Фомин грустно смотрел на Феликса и думал не о нем, а о таких же вот, как он — молодых, здоровых, полных сил. Опыт в готовом виде они переняли у старших: — ох, хо, хо... Вот уж, воистину, жизнь — борьба; и как это хорошо сказал древний ученый, просто и хорошо, главное, на все века верно. И неужели не будет того времени, когда люди, преследующие во всем лишь свои собственные интересы, переведутся, когда людская природа преодолеет в себе алчность, будет слушаться голоса совести; неужели не будет того времени, когда люди, занятые стремлением делать добро, смогут отдавать все силы только полезному труду, одному процессу познания природы, одной борьбе с темными силами природы, а не преодолению низменных инстинктов внутри самого же человеческого общества.

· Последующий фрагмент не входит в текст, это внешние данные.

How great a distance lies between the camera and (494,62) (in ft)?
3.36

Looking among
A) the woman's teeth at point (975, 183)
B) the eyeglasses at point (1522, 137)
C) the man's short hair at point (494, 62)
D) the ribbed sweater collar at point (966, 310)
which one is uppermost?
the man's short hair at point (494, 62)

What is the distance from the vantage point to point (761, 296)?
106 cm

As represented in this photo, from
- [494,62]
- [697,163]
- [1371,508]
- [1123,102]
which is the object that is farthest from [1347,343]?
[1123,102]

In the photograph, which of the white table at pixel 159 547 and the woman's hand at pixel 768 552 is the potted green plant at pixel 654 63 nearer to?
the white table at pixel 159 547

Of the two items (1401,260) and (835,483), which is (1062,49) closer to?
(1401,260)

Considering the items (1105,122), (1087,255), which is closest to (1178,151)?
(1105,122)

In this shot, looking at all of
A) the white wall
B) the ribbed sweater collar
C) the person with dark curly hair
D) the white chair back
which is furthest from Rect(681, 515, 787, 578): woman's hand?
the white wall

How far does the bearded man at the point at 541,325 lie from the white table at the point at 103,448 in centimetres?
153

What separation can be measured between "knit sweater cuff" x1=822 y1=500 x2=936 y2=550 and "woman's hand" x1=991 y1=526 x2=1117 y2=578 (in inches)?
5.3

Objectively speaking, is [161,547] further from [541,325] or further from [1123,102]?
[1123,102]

Лев Толстой называл войну противным человеческому разуму и всей человеческой природе событием. Великий провидец имел в виду войну между народами, битву армий, открытые схватки солдат. Но кто осмыслит, кто оценит потери в иной войне: в неслышной, невидимой, непрекращающейся со времени зарождения людского рода битве умов и душ. В этой битве нет армий и полководцев, не гремят выстрелы, не блестят на солнце клинки,— тут порой даже не услышишь громких слов и ругательств. Но тут есть победы и поражения. Тут есть потери.
Иногда кажется: ни прогресс, ни просвещение не убавляют в мире зло и насилие; несомненно, что сердце от просвещенного ума смягчается, но и то верно: зло, помноженное на прогресс, усиливается, становится изощреннее. Подумать только: человек злой воли становится опаснее оттого, что он ученее и умнее. Лавочник воровал кусок мяса, провизор подливал в лекарство воду, дантист обирал страдающих — обирал по копейкам... Зло, конечно. Подлость! Ну, а если злой человек увенчает себя дипломами да проникнет в доверие к людям?..
Академик, погруженный в невеселые думы, не видел, как из кабины поста выбрались сначала Егор Лаптев, а за ним Феликс и только Настя, встревоженная нездоровым видом деда, оставалась сидеть притихшая и печальная. Павел Лаптев ходил возле панели управления, заглядывал то в левую сторону стана — там была нагревательная печь и возле нее продолжали хлопотать слесари, — то он смотрел вправо, пробегая взглядом по всей линии средних и чистовых клетей,— там, далеко, линия стана сужалась, постепенно растворяясь в синеватой дымке.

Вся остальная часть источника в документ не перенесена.